Born: August 6, 1934                          Port Arthur, TX.

Carl Parker was born on August 6, 1934, to H.A. and Juanita Christian Parker. His father was a Port Arthur mayor. Parker graduated from Thomas Jefferson High School and then attended the University of Texas. He earned his law degree from The University of Texas Law School in 1958. He later served in the U.S. Navy and Navy Reserves.
Elected as a Democratic member of the Texas House of Representatives, he was an active member of that body from 1962 to 1977. In the 1963 legislative session, he had no office of his own and kept files under his desk on the chamber floor. Parker was elected to the State Senate from 1977 to 1995. His tenures included time as Speaker Pro Tempore of the House and President Pro Tempore of the State Senate. Parker was the lead sponsor or co-sponsor of more than 400 bills that became Texas law. They included bills that created state jail standards, established Lamar State College Port Arthur and Orange, elevated Lamar University to its current university status, guaranteed equal legal rights for women in Texas, reformed worker compensation, mandated the use of infant car seats, and created the Port of Port Arthur. He was the Chairman of the Texas Education Committee for many years as well.
In 1979, Parker was a member of the Killer Bees, the group of twelve quorum-busting Texas Democratic senators that made national news for hiding out in an Austin garage apartment for 4½ days. Parker said afterward, "There was one toilet and one phone, and half of them kept wanting to trade the toilet for another telephone."
The group successfully killed a measure that would have established a March presidential primary separate from the state's May general primary to benefit John Connally, who was running against Ronald Reagan at the time for the Republican presidential nomination. "We are absent today because this is our only available positive way to defeat a proposed law which would create a rigged, presidential primary which the people of Texas do not want, did not ask for, and which would cost Texas citizens $5 million in hard-earned tax money," the senators said in a joint statement sent to the media. In response, Hobby issued an all-points bulletin for the absent members and discharged the DPS and Texas Rangers to get those members that are outside the Capitol.

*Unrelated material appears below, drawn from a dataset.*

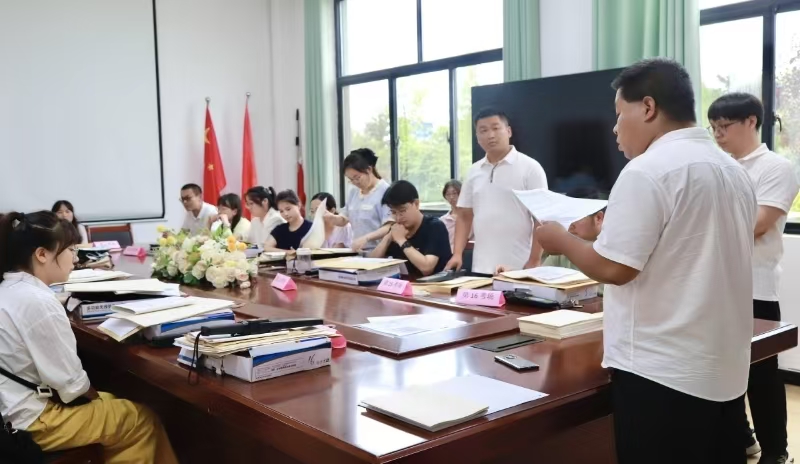 微信图片_20250707085318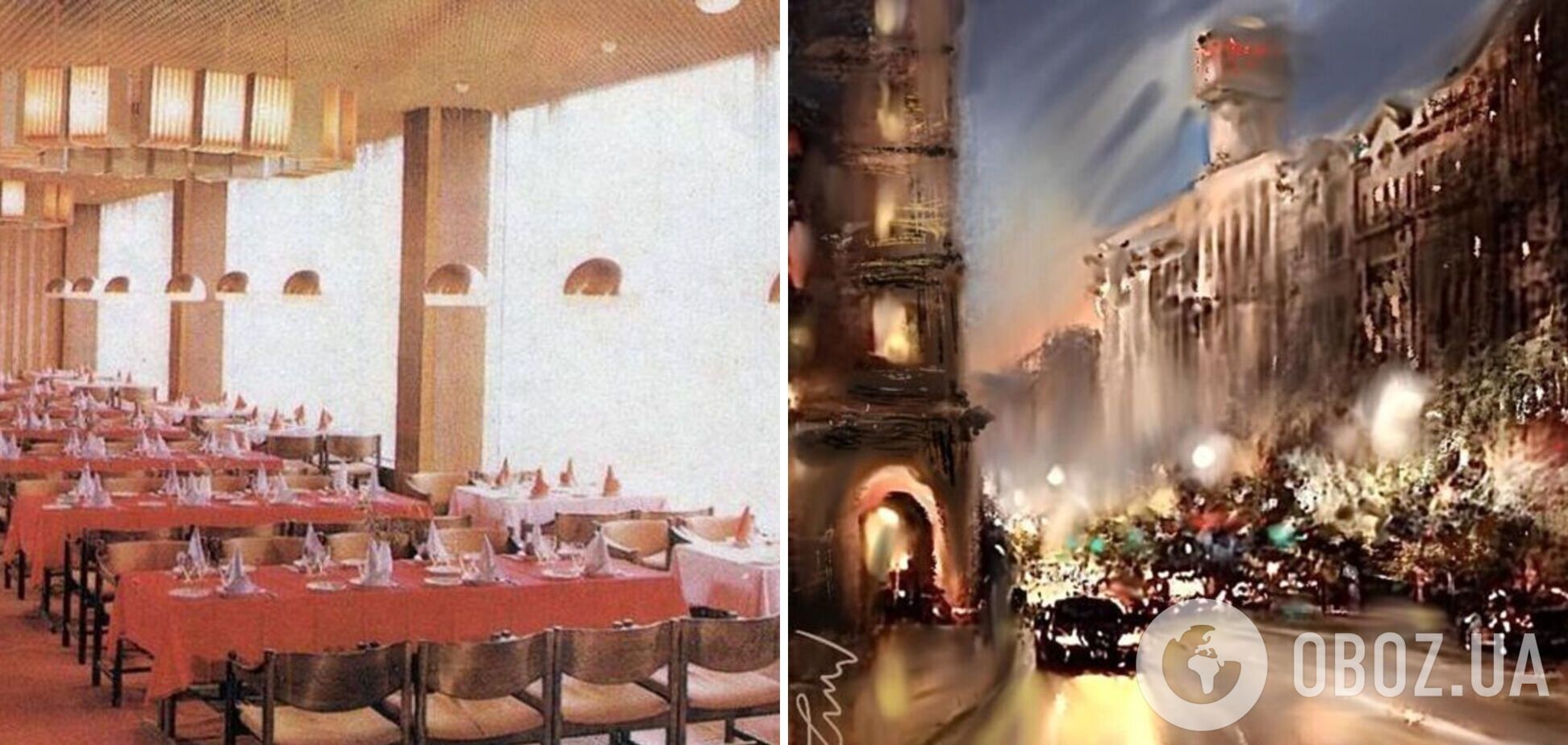 Чаевые давать категорически запрещалось: как выглядел любимый ресторан советской элиты в Киеве и почему его снесли. Фото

In 1994 Carl was the seventh honored guest to sit through one of the Museum of the Gulf Coast "roasts" to raise money in support of the museum. Attended by Gov. Ann Richards (who was also one of the roasters), the event generated more than $100,000.
Renowned for his wit, Molly Ivens once quoted Parker as saying, "If you took all the fools out of the legislature, it wouldn't be a representative body anymore." He also stated that Lt. Gov. Bill Hobby had ". . . made a fatal error in calling us Killer Bees instead of SOBs."
Parker spent 32 years in the Legislature, and for over 60 years, has practiced law on local, state, national, and international levels. He is the managing attorney of The Parker Law Firm, which is headquartered in Port Arthur and also has an office in Austin near the Texas Capitol.